Today I read about a high school girl who got hit and killed by a train when she ran across the tracks and tried to scramble up onto the platform. A tragic event indeed. But then I read this:
'She was a very popular girl among her peers...'
Was she really very popular? Could the other kids have said to the reporter that they really liked her so they wouldn't look bad? You have to admit it's a possibility. If you are a kid at that school and some newsperson turns up, jams a microphone in front of your head and asks did you like that other kid who got hit by a train, what the hell are you gonna say? Of course you liked that other kid! If you admit that you got big kicks from spitting on her and flushing her head in the toilet, you might look bad, then not be popular anymore.
Anyway, the thing is, whenever I read or hear a news report about a high school kid who got killed somehow, they are always *popular* with the other schoolkids. Only popular high school kids seem to get killed. Or could it be that when unpopular high school kids get killed, the news people don't report it. 'Oh well, he or she was unpopular anyway, no need to report it. No big loss, really.'
When they say that these kids were popular, it seems to imply that it is tragic that a popular kid got killed, whereas if the kid was unpopular it wouldn't be so tragic, that maybe it was even for the best. After all, that unpopular kid must have had a pretty miserable existence there, without the approval of those other kids. I mean, what is life when it is not a popular life? Surely it is no life at all. And a sudden violent end to such a life would in fact be a blessing, and not worthy of being reported in the news.

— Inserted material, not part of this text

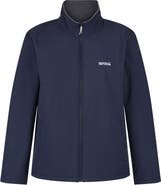 Regatta Cera V Wind Resistant Soft Shell Jacket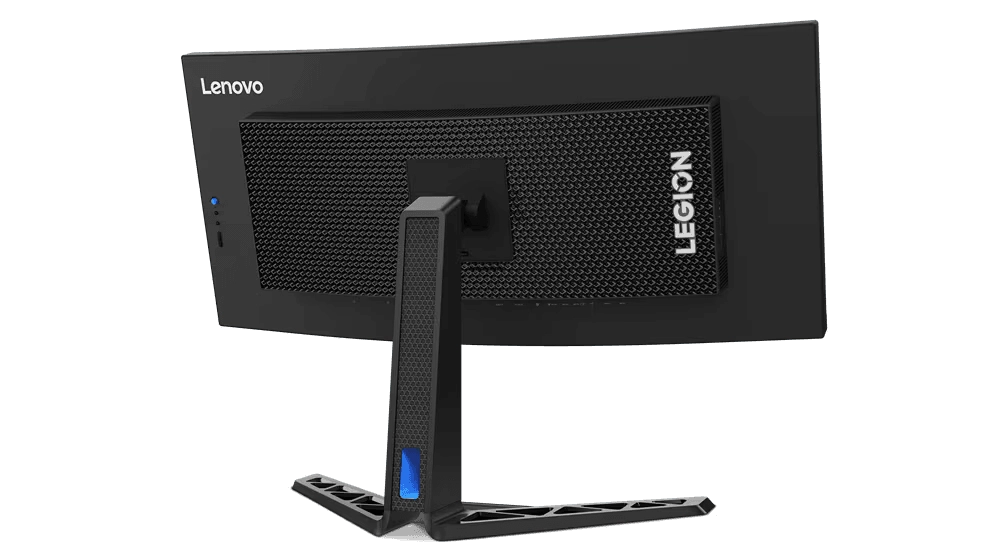 Lenovo 67B0UAC1EU Legion Y34wz-30 monitor gaming 34inch WQHD 3440x1440px LED VA 165Hz, 196803456387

I'll leave you with this excerpt from a short story I read (coincidentally) today:
"When I was in school, there was a meatball just like Mackham. Nobody liked him. Nobody spoke to him. Well, I was a high-spirited kid, Marcie, with plenty of friends, and I began to wonder about this meatball. I began to wonder if it wasn't my responsibility to befriend him and make him feel that he was a member of the group. Well, I spoke to him, and I wouldn't be surprised if I was the first person who did. I took a walk with him. I asked him to come up to my room. I did everything I could to make him feel accepted.
It was a terrible mistake. First, he began going around the school telling everybody that he and I were going to do this and he and I were going to do that. Then he went to the Dean's office and had himself moved into my room without consulting me. Then his mother began to send me these lousy cookies, and his sister - I'd never laid eyes on her - began to write me love letters, and he got to be such a leech that I had to tell him to lay off. I spoke frankly to him; I told him the only reason I'd spoken to him was because I pitied him. This didn't make any difference. When you're stuck with a meatball, it doesn't matter what you tell them. He kept hanging around, waiting for me after classes, and after football practice he was always down in the locker room. It got so bad that we had to give him the works. We asked him up to Pete Fenton's room for a cup of cocoa, roughed him up, threw his clothes out the window, painted his rear end with iodine, and stuck his head in a pail of water until he damned near drowned."